▸ **AIM OF THE TASK**
Print again, word for word, all of the records below, and leave the pictures out.

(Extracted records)
☆ ☆ ☆ ☆ ☆
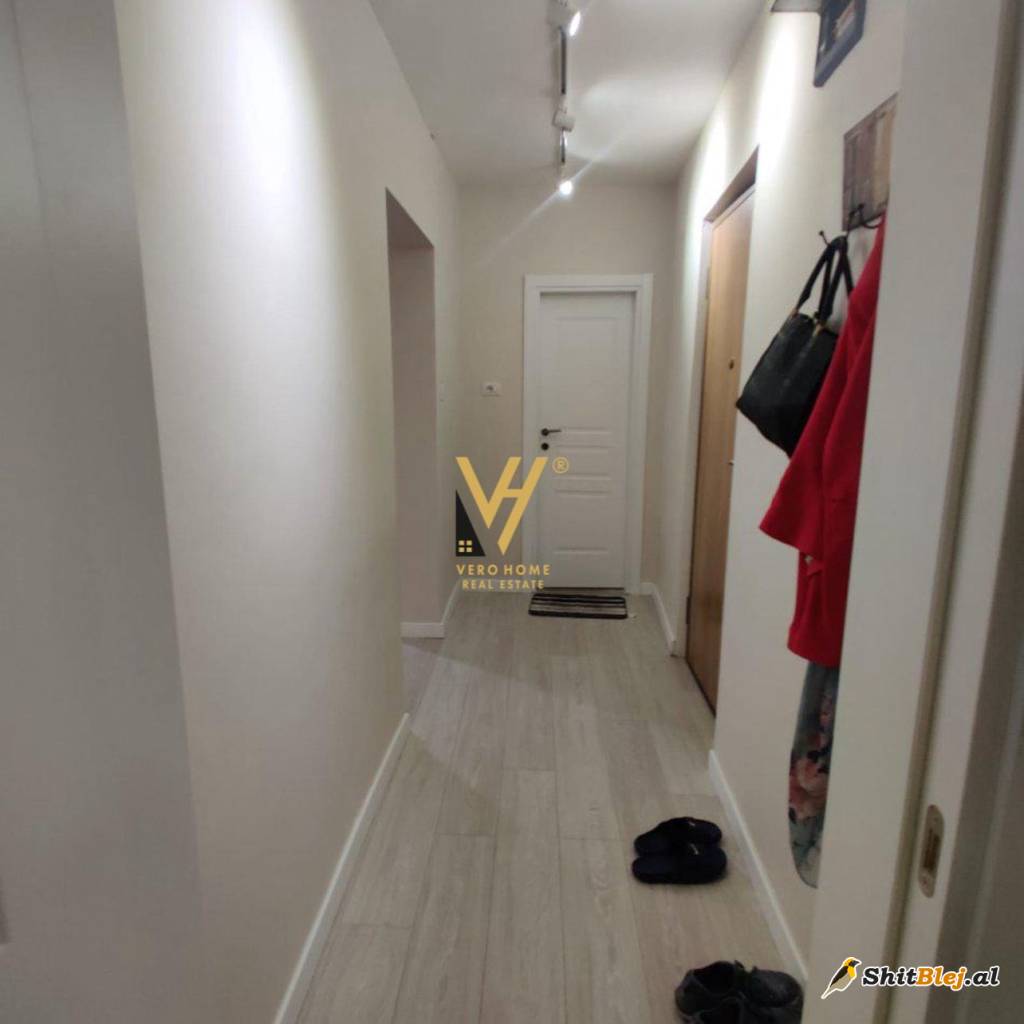 ZYRE 112M2 ME QERA TE RR.KAVAJES 800 EUR
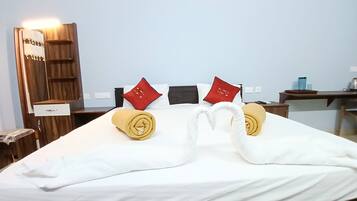 Deluxe Room, City View | Desk, free WiFi
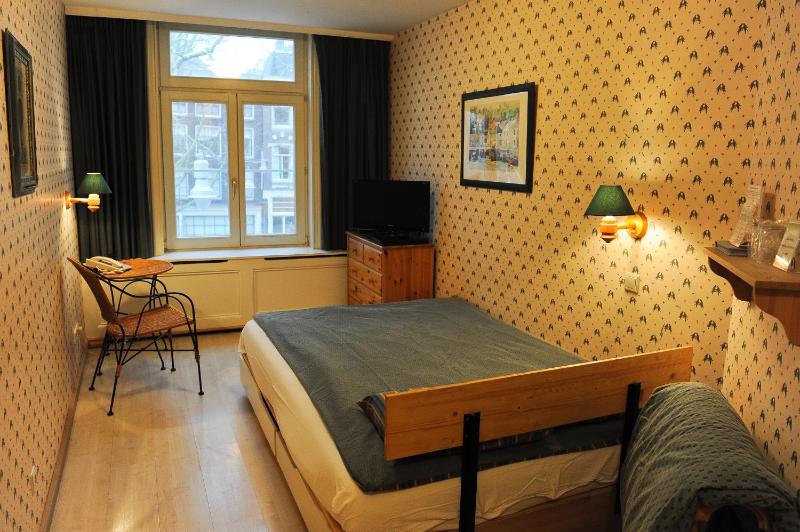 Small Double Room image 1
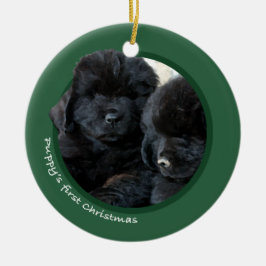 Das erste Weihnachten des Welpen (Neufundland) Keramikornament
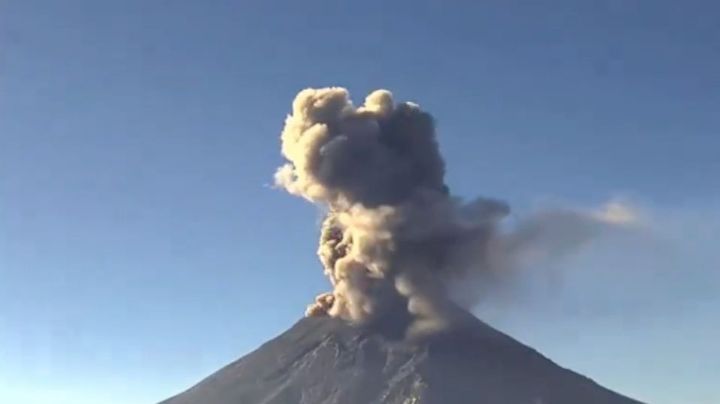 Suspensión de vuelos en Puebla por caída de ceniza del Popocatépetl: AICM opera con normalidad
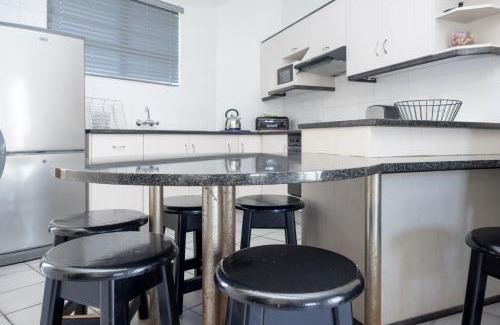 Margate Beach Apartment | Seabrook 305 Margate RSA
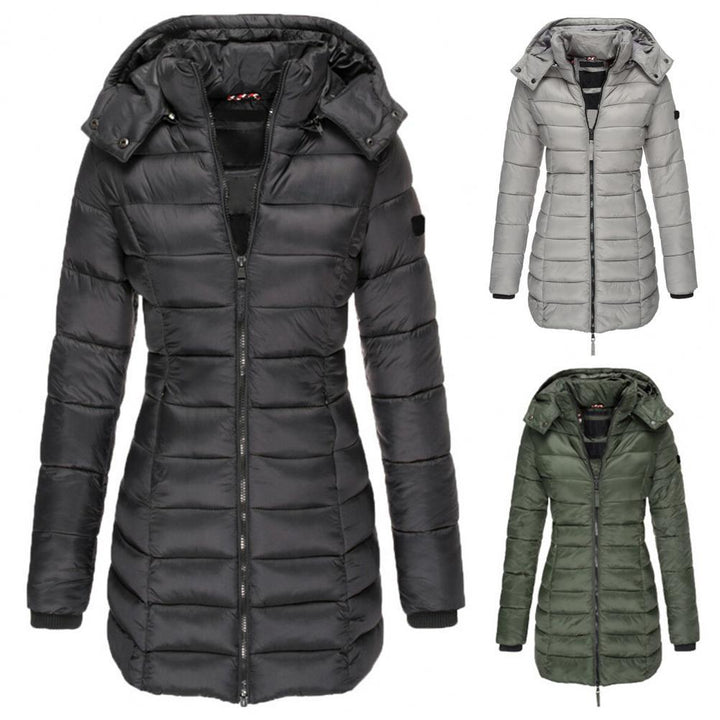Stijlvolle dames trenchcoat, comfortabel en weerbestendig. Perfecte lente-, herfst- of winterjas.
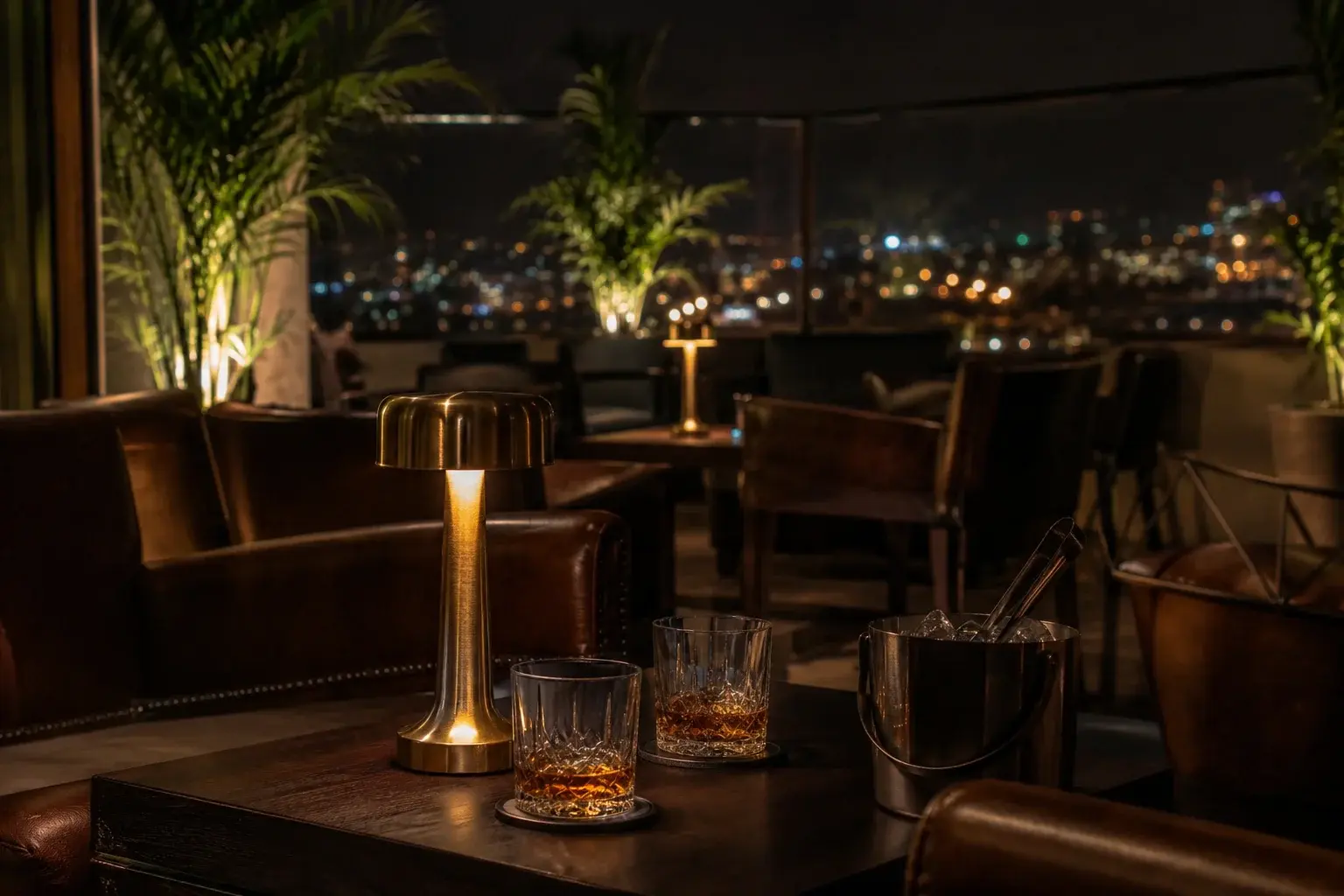 Večernja lounge terasa sa niskim stolovima i prigušenim svjetlom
☆ ☆ ☆ ☆ ☆
▸ **OUTPUT FOR THIS TASK**
 ZYRE 112M2 ME QERA TE RR.KAVAJES 800 EUR
 Deluxe Room, City View | Desk, free WiFi
 Small Double Room image 1
 Das erste Weihnachten des Welpen (Neufundland) Keramikornament
 Suspensión de vuelos en Puebla por caída de ceniza del Popocatépetl: AICM opera con normalidad
 Margate Beach Apartment | Seabrook 305 Margate RSA
Stijlvolle dames trenchcoat, comfortabel en weerbestendig. Perfecte lente-, herfst- of winterjas.
 Večernja lounge terasa sa niskim stolovima i prigušenim svjetlom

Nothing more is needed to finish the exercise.